== Dataset extract

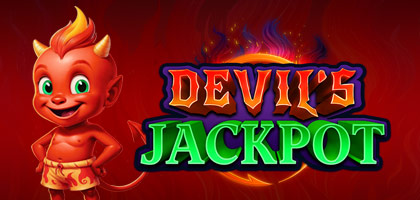 Devil's Jackpot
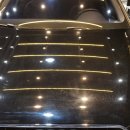 루페스 빅풋 디테일링센터 이미지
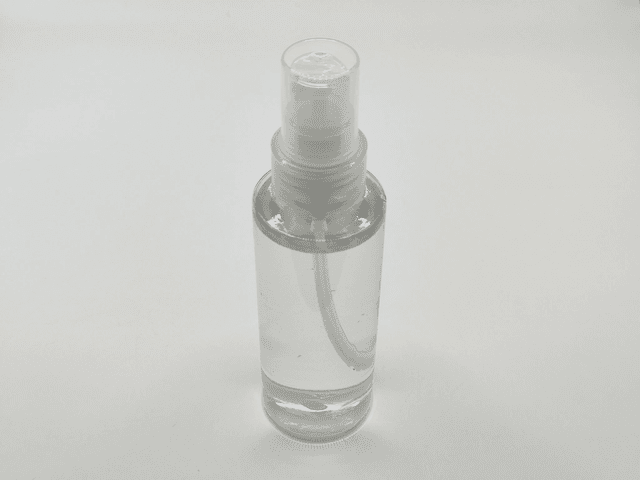 🌿 Spray d’ambiance 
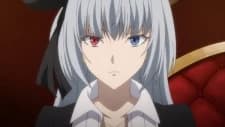 Tensei Shitara Slime Datta Ken Kanwa Luminous Memories kapak görseli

====

* **What this task involves**
Skipping any pictures, transcribe the full listing exactly.

* **Task solution**
 Devil's Jackpot
 루페스 빅풋 디테일링센터 이미지
 🌿 Spray d’ambiance 
 Tensei Shitara Slime Datta Ken Kanwa Luminous Memories kapak görseli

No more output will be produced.